Teachers need a pay rise. In 2011/12 the government imposed a two-year pay freeze on public sector workers which was followed by a one per cent pay cap until 2015/16 - a cap which has now been extended for another four years. Between 2010 and 2016, accounting for inflation, teachers have, on average, faced a real-terms pay cut of £2,273.

The Institute for Fiscal Studies (IFS) has commented that: “The government’s announced 1 per cent limit on annual pay increase for a further four years from 2016-17 is expected to reduce wages in the public sector to their lowest level relative to private sector wages since at least the 1990s”. This, argues the IFS, “could result in difficulties for public sector employers trying to recruit, retain and motivate high-quality workers”.
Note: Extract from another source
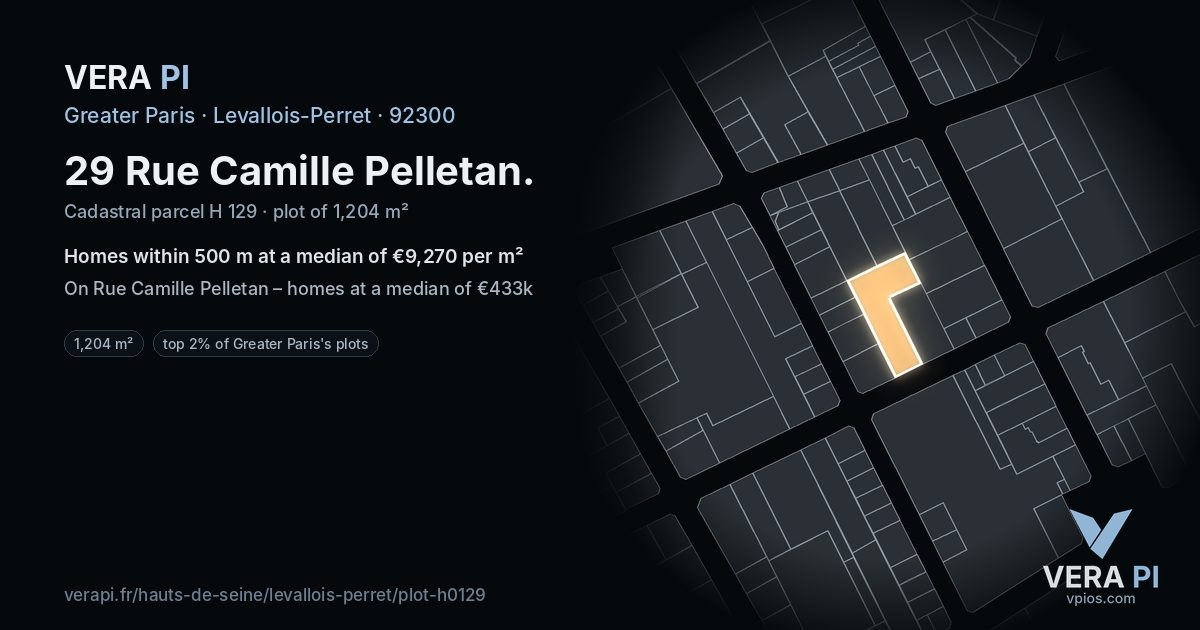 29 Rue Camille Pelletan, Levallois-Perret at night – the plot lit, the parcels around coloured by the prices near them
This warning is echoed by the School Teachers’ Review Body (STRB) which found, in its 2016 report, that recruitment and retention was problematic, with increasing vacancies in all core subjects and difficulties in recruiting trainee teachers and retaining them in the profession.

The STRB stated: “The relative position of teachers’ earnings has deteriorated further this year and they continue to trail those of other professional occupations in most regions”. The STRB argued that there is a case for an uplift to the 1 per cent pay cap if teacher recruitment and retention problems are to be tackled successfully.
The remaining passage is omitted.